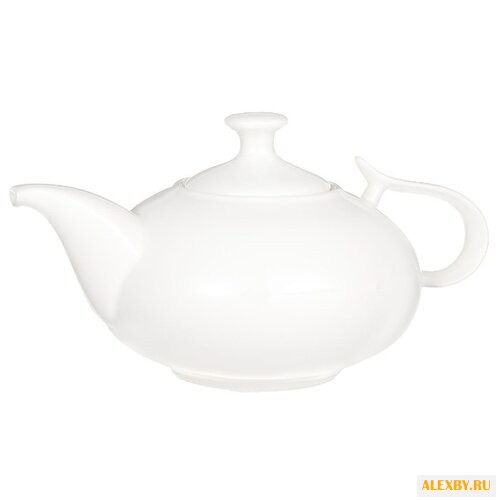 Wilmax England Заварочный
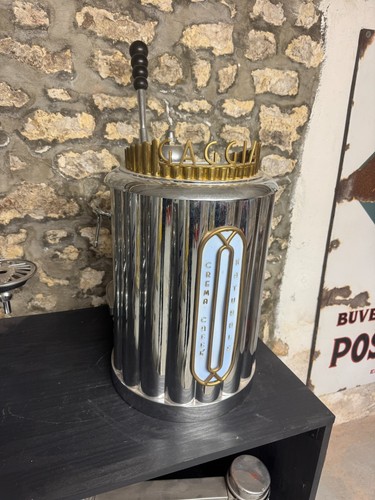 Faema gaggia coffee - faema,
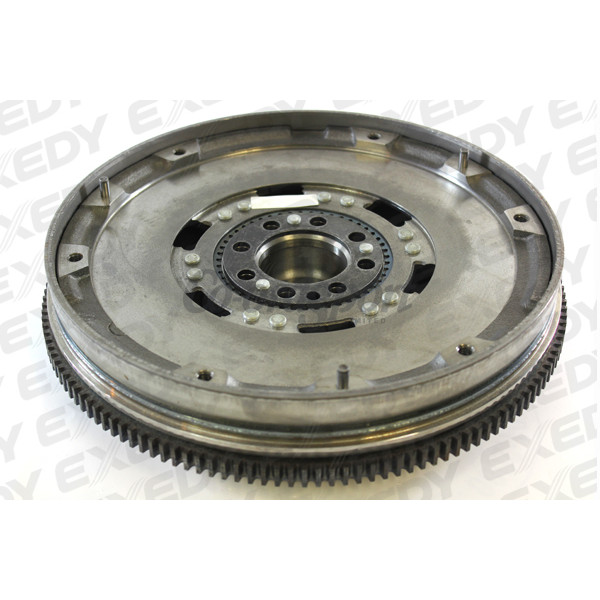 Exedy Dual Mass Flywheel image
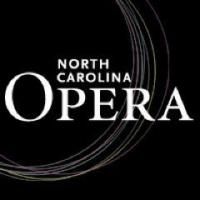 C. Thomas Kunz Appointed President of NC Opera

====

== Work to complete ==
Copy the entire listing exactly but skip the pictures.

== Task output ==
 Wilmax England Заварочный
 Faema gaggia coffee - faema,
 Exedy Dual Mass Flywheel image
 C. Thomas Kunz Appointed President of NC Opera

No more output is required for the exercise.